BEGIN Listed records
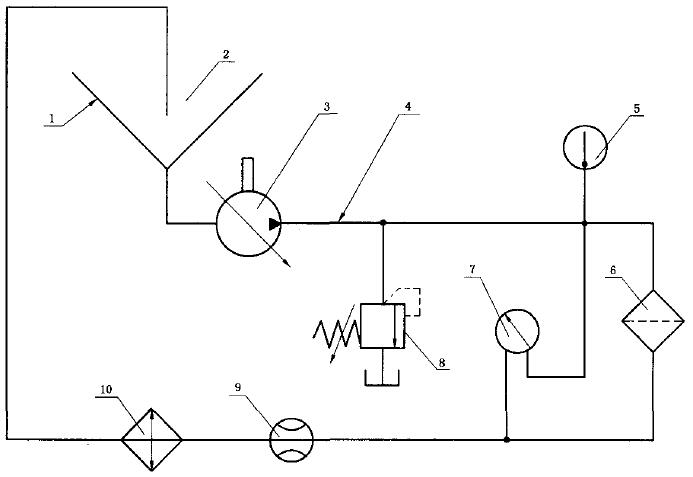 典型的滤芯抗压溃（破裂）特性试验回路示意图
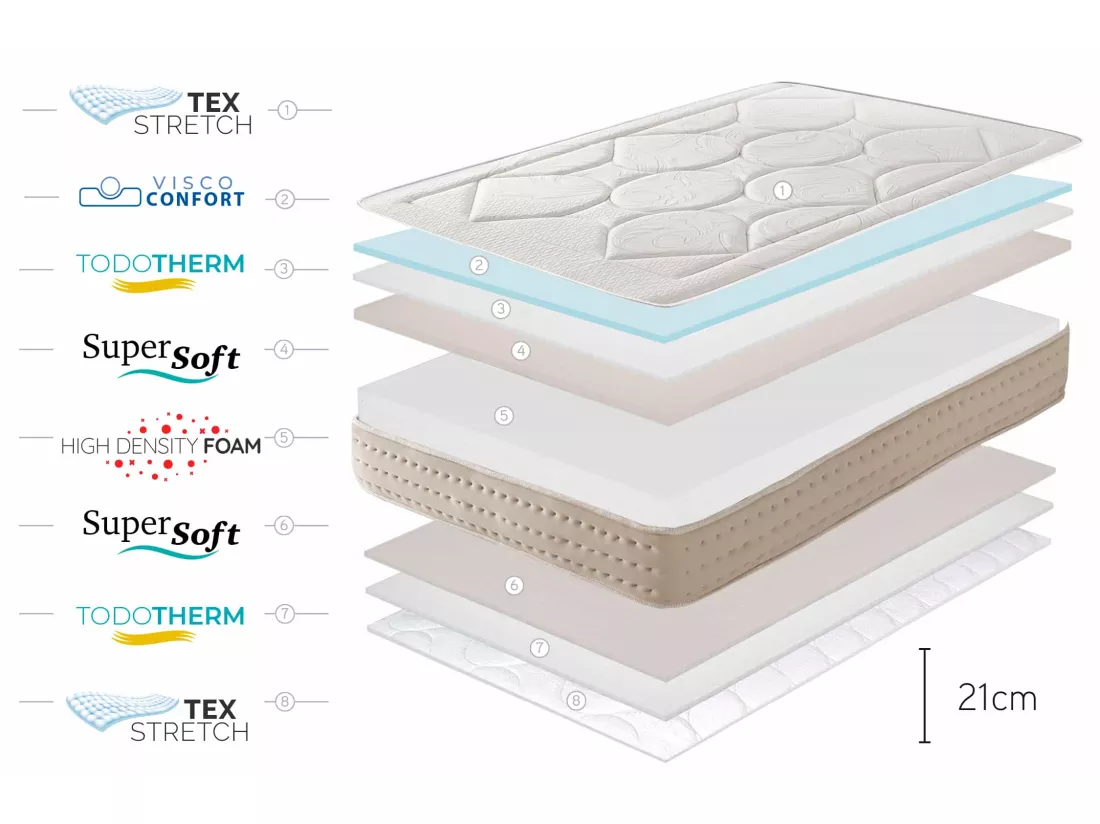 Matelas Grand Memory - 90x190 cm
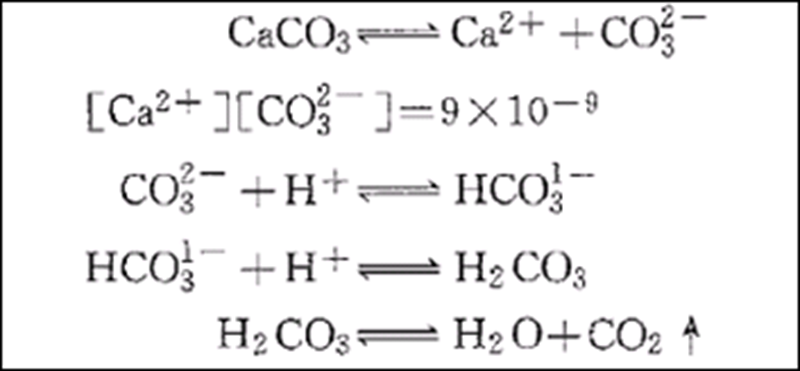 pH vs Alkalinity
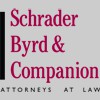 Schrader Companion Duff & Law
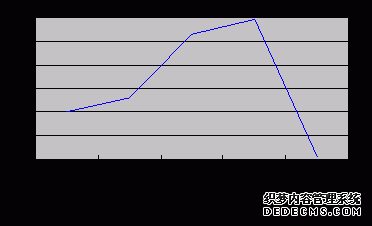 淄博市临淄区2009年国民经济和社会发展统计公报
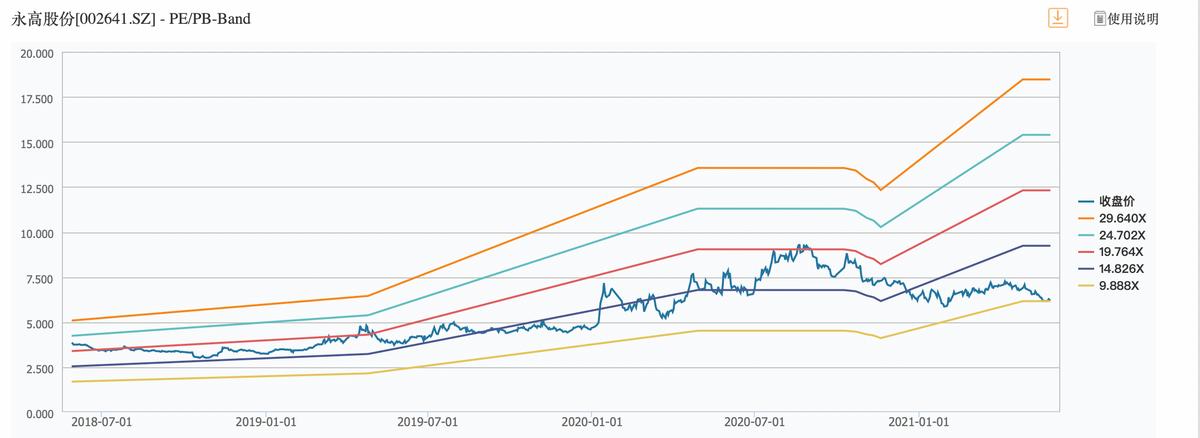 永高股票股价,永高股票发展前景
END Listed records
BEGIN Listed records
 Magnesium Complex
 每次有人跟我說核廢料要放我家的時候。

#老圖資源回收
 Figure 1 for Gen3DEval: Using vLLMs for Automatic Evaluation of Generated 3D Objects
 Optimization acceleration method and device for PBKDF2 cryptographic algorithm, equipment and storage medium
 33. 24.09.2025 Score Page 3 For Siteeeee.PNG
END Listed records
Problem details:
Starting at the line above with "典型的滤芯抗压溃（破裂）特性试验回路示意图", output every line exactly up to and including the line with "永高股票股价,永高股票发展前景", but none of the pictures.

Finished task:
 典型的滤芯抗压溃（破裂）特性试验回路示意图
 Matelas Grand Memory - 90x190 cm
 pH vs Alkalinity
 Schrader Companion Duff & Law
 淄博市临淄区2009年国民经济和社会发展统计公报
 永高股票股价,永高股票发展前景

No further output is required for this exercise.